What is privacy by design and how is it regulated by the GDPR?
Privacy by design is a concept founded by Ann Cavoukian which states that privacy should be incorporated in the design of ICT from the outset and not as an afterthought. According to its founder, the principles on which Privacy by Design is founded are the following: proactive, not reactive, preventative, not remedial; privacy by default; privacy embedded into design; full functionality; end-to-end security; visibility and transparency; respect for user privacy. Besides being one of these principles, privacy by default can also be understood as a separate concept which refers to the default settings that protect the individual from the start, as opposed to privacy as the default setting, how Cavoukian sees it.
Although the concept refers to privacy, the new General Data Protection Regulation (GDPR) introduces data protection by design, since the target of the regulation is data protection, not privacy. The difference is that privacy points out the relation between the individual and the collective, regardless if it is the state or other people. On the other hand, data protection is considered a tool which can be used to protect the individual against abuses on his privacy.

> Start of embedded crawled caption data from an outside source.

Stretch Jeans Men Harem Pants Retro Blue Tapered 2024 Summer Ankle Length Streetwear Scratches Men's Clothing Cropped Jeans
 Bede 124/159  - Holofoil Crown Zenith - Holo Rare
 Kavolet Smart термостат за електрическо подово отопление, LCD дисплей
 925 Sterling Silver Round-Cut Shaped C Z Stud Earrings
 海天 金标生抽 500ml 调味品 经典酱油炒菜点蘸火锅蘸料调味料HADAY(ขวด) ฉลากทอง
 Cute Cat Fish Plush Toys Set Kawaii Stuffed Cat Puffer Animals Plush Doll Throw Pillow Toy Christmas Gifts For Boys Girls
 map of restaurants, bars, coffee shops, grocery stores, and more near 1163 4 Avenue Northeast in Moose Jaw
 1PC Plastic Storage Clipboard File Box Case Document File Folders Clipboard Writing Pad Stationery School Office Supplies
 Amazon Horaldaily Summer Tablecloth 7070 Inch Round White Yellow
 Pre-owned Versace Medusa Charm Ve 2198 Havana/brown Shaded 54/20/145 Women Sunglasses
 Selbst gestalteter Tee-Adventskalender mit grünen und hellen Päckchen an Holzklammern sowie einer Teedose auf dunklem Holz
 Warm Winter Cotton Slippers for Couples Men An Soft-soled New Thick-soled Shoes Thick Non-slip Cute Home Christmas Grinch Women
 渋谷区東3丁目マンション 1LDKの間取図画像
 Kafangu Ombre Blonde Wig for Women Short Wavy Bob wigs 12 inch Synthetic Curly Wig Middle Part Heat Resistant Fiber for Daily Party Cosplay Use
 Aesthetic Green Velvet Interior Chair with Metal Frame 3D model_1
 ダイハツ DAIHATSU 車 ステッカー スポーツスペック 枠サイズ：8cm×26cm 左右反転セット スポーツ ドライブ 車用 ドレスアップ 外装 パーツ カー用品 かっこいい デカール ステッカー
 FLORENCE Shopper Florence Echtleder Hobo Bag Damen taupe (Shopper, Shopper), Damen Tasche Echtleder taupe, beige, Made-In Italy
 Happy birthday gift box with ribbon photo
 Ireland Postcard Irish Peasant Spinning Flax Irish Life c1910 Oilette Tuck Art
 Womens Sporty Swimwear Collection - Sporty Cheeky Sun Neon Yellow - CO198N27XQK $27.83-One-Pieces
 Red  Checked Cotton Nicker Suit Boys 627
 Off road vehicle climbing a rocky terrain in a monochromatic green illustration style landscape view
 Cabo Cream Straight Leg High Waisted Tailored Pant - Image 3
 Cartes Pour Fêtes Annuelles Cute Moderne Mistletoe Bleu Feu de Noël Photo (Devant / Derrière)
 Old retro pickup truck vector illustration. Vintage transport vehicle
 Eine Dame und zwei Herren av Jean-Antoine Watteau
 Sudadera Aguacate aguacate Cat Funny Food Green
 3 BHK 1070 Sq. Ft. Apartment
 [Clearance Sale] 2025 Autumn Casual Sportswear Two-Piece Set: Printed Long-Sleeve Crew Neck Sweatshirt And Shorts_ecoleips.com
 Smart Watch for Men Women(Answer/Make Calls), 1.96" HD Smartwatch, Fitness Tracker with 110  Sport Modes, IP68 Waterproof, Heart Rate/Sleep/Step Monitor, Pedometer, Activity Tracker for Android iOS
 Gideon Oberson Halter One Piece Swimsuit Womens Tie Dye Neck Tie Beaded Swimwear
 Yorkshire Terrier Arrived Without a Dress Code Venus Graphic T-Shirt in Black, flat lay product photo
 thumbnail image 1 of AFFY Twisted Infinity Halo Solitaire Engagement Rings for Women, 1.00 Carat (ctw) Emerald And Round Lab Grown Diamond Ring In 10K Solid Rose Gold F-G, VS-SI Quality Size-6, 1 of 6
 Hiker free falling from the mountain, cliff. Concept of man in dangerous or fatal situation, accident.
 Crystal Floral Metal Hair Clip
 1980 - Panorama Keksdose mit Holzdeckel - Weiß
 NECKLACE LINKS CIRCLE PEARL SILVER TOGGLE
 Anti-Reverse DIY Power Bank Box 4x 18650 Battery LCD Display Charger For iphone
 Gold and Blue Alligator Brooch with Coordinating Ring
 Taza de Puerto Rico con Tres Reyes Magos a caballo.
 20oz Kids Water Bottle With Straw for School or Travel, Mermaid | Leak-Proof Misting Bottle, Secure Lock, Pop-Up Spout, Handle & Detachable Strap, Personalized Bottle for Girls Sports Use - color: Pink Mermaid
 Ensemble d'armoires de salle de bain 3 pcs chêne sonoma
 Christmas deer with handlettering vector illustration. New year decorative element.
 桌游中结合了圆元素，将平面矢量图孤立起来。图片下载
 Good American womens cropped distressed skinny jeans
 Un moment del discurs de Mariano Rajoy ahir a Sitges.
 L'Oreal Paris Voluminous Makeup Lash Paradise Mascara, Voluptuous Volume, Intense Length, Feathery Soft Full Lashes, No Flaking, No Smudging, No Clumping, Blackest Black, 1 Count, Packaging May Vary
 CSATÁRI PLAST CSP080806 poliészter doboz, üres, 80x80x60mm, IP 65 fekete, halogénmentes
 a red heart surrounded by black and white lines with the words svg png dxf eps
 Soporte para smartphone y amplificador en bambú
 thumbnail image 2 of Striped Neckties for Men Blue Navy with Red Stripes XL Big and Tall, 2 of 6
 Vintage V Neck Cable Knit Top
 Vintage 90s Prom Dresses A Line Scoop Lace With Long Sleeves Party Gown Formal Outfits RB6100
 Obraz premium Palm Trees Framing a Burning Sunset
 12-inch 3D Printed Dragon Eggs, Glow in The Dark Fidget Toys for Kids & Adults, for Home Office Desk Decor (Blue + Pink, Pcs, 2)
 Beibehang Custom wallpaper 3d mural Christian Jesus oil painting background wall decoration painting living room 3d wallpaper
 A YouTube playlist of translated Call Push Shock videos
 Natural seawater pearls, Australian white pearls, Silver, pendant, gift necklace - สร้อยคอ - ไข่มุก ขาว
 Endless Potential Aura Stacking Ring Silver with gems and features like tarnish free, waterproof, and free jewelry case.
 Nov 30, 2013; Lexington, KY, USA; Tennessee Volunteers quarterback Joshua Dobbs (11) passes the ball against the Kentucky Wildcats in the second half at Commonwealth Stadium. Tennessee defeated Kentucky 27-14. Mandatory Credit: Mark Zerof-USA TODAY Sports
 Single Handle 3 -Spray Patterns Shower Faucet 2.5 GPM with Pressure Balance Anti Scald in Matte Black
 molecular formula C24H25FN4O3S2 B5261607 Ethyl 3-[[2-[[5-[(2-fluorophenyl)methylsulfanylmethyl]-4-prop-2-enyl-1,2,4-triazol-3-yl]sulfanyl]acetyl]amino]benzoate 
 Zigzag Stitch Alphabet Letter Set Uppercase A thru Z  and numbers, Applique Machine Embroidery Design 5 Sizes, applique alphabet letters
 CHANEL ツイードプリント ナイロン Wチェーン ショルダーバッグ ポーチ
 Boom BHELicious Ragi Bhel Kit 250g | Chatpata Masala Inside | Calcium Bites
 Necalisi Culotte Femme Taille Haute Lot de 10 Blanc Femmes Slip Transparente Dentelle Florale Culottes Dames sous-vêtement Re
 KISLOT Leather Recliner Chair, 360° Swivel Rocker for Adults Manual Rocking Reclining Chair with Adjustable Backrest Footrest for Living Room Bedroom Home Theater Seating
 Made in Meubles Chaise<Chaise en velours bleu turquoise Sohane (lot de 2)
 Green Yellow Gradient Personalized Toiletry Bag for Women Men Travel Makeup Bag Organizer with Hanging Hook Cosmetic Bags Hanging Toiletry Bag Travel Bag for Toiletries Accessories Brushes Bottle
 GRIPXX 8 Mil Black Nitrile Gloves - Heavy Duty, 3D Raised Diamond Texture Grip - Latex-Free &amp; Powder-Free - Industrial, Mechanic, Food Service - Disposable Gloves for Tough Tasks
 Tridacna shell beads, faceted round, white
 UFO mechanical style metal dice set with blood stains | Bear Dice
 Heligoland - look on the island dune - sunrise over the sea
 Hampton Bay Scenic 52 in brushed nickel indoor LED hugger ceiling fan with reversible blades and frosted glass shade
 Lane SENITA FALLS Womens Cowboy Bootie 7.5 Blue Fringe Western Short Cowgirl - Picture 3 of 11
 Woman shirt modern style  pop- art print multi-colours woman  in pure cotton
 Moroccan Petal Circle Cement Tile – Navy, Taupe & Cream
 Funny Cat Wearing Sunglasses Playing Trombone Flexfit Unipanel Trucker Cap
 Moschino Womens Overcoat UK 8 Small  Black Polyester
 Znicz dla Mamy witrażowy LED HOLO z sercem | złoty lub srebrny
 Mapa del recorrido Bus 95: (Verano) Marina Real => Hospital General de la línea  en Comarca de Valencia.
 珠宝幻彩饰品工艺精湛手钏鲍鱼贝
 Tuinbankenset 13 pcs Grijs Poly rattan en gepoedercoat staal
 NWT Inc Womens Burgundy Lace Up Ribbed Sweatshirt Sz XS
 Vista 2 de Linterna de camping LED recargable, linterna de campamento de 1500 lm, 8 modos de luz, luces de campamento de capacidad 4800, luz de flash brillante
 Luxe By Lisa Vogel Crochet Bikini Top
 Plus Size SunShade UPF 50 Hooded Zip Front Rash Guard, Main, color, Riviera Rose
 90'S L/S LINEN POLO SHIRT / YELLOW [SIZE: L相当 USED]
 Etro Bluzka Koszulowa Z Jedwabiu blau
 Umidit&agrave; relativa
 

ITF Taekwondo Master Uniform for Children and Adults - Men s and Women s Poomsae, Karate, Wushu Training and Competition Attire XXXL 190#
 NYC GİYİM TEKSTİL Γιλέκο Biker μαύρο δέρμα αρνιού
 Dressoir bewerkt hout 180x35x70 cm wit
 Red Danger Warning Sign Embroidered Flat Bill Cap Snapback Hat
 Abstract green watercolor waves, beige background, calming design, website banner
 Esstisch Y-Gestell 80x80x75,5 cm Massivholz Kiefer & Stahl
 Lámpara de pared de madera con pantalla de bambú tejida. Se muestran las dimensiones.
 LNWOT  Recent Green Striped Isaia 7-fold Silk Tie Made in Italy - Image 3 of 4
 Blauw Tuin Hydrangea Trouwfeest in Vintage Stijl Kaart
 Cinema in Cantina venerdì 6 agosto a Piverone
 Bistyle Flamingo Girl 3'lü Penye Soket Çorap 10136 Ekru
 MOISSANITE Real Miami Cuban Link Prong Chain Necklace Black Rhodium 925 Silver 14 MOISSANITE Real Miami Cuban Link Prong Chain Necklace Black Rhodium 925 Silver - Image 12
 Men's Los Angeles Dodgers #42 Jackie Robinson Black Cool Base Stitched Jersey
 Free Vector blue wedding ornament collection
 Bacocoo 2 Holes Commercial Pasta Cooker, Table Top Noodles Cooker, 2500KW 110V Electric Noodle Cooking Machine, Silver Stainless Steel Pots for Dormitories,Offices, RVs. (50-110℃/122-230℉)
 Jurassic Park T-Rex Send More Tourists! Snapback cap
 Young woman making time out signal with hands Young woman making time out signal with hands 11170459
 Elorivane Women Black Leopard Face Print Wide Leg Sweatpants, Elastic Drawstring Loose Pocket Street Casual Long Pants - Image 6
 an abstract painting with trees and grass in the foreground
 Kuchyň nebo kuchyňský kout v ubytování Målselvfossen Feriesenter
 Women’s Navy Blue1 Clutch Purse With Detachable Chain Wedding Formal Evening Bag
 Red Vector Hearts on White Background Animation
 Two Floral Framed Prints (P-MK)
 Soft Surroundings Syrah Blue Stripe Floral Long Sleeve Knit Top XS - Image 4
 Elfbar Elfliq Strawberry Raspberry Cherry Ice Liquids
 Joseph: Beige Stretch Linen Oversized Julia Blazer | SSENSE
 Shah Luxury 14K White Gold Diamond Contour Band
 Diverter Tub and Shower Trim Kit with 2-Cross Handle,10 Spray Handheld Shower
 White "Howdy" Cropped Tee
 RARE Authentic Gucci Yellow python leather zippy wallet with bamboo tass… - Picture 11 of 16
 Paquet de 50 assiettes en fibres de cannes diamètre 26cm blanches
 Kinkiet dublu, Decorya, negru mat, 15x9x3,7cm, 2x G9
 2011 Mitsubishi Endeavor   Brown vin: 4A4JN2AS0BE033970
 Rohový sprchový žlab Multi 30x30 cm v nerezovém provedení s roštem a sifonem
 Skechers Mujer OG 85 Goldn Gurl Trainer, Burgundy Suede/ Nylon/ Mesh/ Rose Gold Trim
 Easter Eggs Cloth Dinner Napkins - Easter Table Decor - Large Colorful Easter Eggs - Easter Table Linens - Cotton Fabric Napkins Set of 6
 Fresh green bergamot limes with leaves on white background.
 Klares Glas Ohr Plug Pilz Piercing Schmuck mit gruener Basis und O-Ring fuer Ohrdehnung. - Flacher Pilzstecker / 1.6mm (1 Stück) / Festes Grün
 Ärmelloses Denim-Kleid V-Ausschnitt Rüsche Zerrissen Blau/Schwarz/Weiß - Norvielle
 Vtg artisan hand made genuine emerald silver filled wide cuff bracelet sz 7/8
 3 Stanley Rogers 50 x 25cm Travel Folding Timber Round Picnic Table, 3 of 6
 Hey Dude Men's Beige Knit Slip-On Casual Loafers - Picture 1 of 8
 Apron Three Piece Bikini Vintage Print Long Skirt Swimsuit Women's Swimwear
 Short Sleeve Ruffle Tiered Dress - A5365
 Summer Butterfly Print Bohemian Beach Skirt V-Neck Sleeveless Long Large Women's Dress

The GDPR provides the obligation to comply with the principles of privacy by design and privacy by default in recital (78). The recital requires that the producers of the products, services and applications to be encouraged to take into account the two principles to make sure that the controllers and processors are able to fulfill their obligations. According to article 25, the controller is the one that has to take the measures in order to comply with the regulation when he determines the means for processing and while the processing is taking place.
Therefore, in order to protect the rights and freedoms of the natural persons, the controller of the data has to take appropriate technical and organisational measures, such as:
– minimising the processing of personal data
– pseudonymising personal data
– Transparency with regard to the functions and processing of personal data
– Enabling the data subject to monitor the data processing
– Enabling the controller to create and improve security features
The problems that are bound to appear relate to the identification of the liable controller in the case of an advanced device which implies multiple controllers and processors. Additionally, considering the fact that there is no obligation mentioned for the producer of the product, service or application in article 25, what will happen when the producer of a certain service is encouraged to implement privacy by design, but he fails to do so, resulting in the inability of the controller to comply with the regulation? Since it is not clear yet, the jurisprudence will decide on a case by case basis how the principles will evolve.